Peruvian President Ollanta Humala will arrive on Sunday for a three-day visit, amid increased Israeli interest in improving political and economic ties with pro-American Latin American countries.
Humala’s Middle East tour also includes visits to Qatar and the Palestinian Authority.
He is scheduled to meet with Prime Minister Binyamin Netanyahu on Monday.
Netanyahu announced last week his intention to make a rare visit by a sitting Israeli prime minister to Latin America in the coming months, to Mexico and Colombia.
Netanyahu’s announcement came soon after the Pacific Alliance, a Latin American free-trade bloc that includes Mexico, Colombia, Peru, Chile and Costa Rico, granted Israel observer status.

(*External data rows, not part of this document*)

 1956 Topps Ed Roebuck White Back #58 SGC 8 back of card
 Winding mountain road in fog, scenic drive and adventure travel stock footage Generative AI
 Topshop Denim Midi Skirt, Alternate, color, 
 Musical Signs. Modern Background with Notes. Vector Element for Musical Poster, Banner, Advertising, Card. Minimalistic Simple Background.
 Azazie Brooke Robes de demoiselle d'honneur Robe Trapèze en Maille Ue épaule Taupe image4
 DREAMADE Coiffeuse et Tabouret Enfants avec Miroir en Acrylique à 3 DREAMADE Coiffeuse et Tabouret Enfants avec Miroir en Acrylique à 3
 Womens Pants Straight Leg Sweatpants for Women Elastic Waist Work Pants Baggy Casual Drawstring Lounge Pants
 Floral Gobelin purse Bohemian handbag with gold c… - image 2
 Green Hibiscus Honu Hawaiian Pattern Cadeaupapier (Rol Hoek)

Grouped together, these countries have the eighth-largest economy in the world.
Israel is the first Middle East country to be granted observer status in this group, and as such it will be invited to take part in its staff work attend its conferences, which will facilitate the advancement of cooperation with its member states. Observer status is the first step in expanding relations with a group whose combined economies amount to some $2 trillion, outpacing India’s.
Netanyahu met last month in Davos with Mexican President Enrique Pena Nieto and Panamanian President Ricardo Martinelli. In June, he met with Colombian President Juan Manuel Santos in Jerusalem.

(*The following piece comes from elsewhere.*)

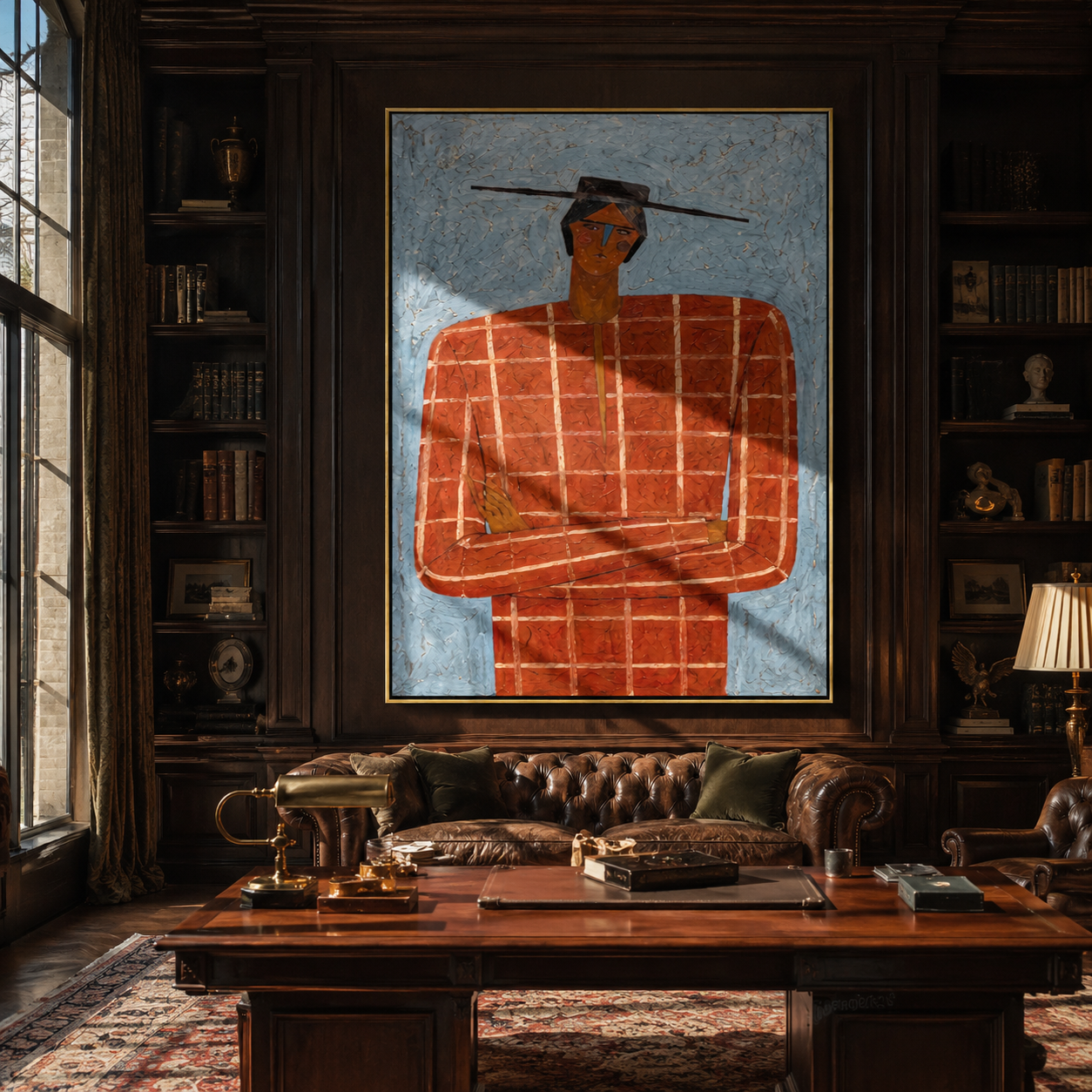 Scarlet Grid Faces Weather presented above a contemporary console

Panama is expected to join the Pacific Alliance soon.
Netanyahu has made clear that just as he is interested in expanding economic ties with China, he sees great potential in expanding trade relations with Latin America.
These efforts are part of a policy of expanding and diversifying Israeli markets and avoiding dependence on one market – for example, Europe.
The Pacific Alliance countries are also important as a wedge in Latin America against Iranian influence in such countries as Cuba, Venezuela, Nicaragua and Bolivia.